Tawlas Posted March 8, 2013 Share Posted March 8, 2013 Yup. For us, simpler is better. I had this really neat home made prehistory plan all mapped out: usborne book, library books mapped out, other books bought, activities, documentaries etc, all on a neat template mapped out by the week. We read the usborne book, did a narration. If we were lucky there was a doc on Netflix I found in time. History is still my son's favorite thing to do for "school". He asks for it all the time. Simpler is better! What gets done is best! :-) Quote Link to comment Share on other sites More sharing options...
Walking-Iris Posted March 8, 2013 Share Posted March 8, 2013 I honestly have to say I love the HWT wooden letters Maybe start them in pre-K rather than K. But I love them. All the other HWT stuff is just ...stuff. I agree about the pricey phonics programs. Teaching someone to read is not that expensive. I don't do history in K unless it just comes up naturally in conversation or read alouds. I try to get them aware of the states etc, but that's about it. My Kinder is obsessed with prehistoric man and animals and dinosaurs. I just let him loose on Netflix and give him some books to look through. Science is where i expect I over extend myself in the early early grades...sigh. Quote Link to comment Share on other sites More sharing options...
Um_2_4 Posted March 9, 2013 Share Posted March 9, 2013 This is my 3rd time through and I find that each child is different, so start with the minimum, but most importantly know your child. Example :My dd6 was easily distractable, you know the "oh look a kitty" type.
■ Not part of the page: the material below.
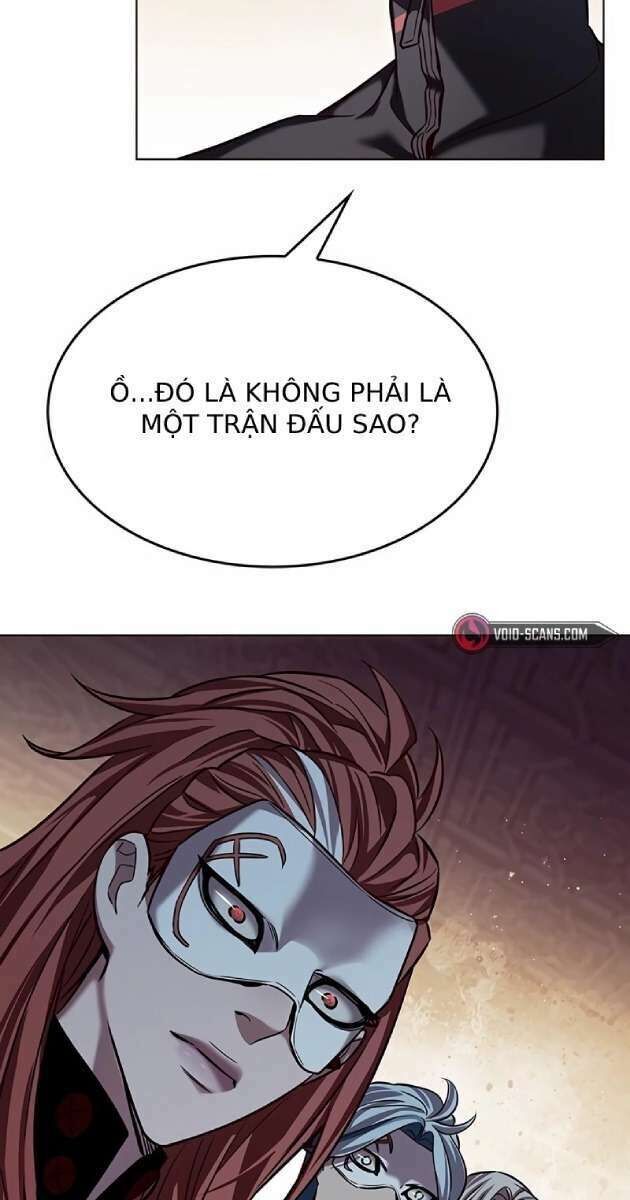 Cô Dâu Của Sói Trắng Chapter 247 - Trang 2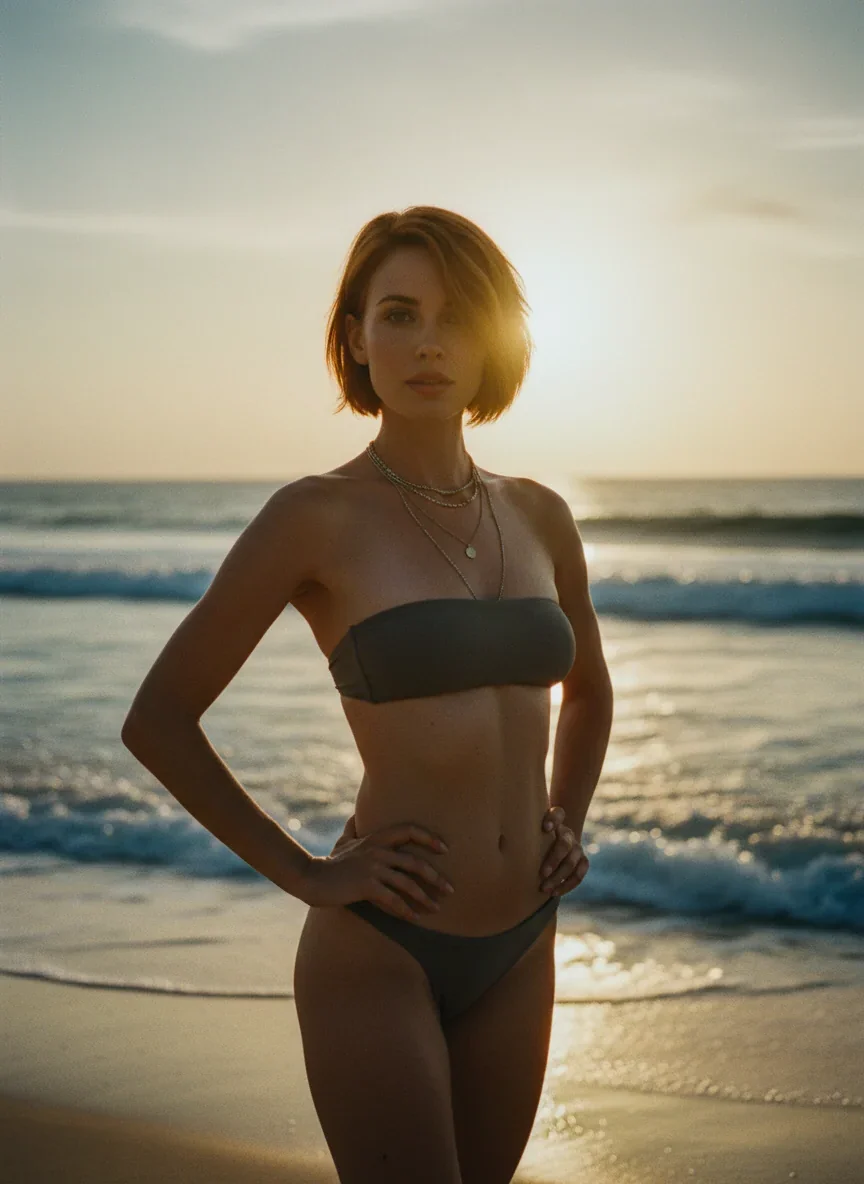 Amina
A math book with bunches of colors and pics would have been a DISASTER, MUS works great. MM (which I wanted to move to for 1st) was a no go also, too much on one page. Many companies have sample lessons, print and try them. I taught the older 2 to read using HOP bought cheap from thrift stores. No need for the cds/audio portion. No real experience needed. Flashcards and the workbooks and you are good to go. For preK I did printable letter of the week stuff online, only cost paper and ink. Quote Link to comment Share on other sites More sharing options...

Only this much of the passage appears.